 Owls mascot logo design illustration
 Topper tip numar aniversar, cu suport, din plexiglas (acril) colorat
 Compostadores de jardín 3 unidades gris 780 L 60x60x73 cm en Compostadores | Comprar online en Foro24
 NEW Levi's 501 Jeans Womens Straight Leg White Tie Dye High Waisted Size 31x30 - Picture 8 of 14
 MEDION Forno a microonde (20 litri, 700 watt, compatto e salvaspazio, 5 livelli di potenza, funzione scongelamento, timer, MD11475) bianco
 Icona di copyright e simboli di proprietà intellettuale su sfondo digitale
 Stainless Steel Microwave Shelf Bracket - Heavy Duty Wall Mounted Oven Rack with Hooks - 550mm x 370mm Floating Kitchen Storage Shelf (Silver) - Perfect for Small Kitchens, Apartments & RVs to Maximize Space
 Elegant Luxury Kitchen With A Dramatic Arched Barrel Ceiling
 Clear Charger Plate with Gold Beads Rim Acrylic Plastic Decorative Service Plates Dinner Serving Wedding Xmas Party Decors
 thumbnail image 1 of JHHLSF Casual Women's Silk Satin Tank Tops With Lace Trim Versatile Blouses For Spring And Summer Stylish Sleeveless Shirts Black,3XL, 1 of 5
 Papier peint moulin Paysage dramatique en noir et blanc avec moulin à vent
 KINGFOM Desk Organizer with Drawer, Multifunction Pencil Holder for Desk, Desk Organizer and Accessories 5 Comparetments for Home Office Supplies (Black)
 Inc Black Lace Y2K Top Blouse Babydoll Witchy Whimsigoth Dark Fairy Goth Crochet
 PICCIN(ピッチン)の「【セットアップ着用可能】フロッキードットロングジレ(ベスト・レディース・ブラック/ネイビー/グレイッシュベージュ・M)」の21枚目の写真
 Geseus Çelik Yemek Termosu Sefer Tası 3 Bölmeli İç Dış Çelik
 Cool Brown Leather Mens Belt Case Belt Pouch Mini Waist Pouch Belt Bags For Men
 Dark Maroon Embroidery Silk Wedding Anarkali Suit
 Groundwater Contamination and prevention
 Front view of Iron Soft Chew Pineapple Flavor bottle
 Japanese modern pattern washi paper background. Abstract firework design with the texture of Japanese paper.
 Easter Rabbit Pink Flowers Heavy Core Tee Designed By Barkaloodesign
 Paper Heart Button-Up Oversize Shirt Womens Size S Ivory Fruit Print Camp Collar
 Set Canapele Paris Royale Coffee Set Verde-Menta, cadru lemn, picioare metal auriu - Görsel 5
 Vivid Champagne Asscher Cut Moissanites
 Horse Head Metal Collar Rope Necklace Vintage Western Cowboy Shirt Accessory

************

> **WORK REQUEST**
Copy the lines above exactly, beginning at the line that has "Groundwater Contamination and prevention" and stopping after the line that has "Paper Heart Button-Up", and omit the rest.

> **RESULT OF THIS TASK**
 Groundwater Contamination and prevention
 Front view of Iron Soft Chew Pineapple Flavor bottle
 Japanese modern pattern washi paper background. Abstract firework design with the texture of Japanese paper.
 Easter Rabbit Pink Flowers Heavy Core Tee Designed By Barkaloodesign
 Paper Heart Button-Up Oversize Shirt Womens Size S Ivory Fruit Print Camp Collar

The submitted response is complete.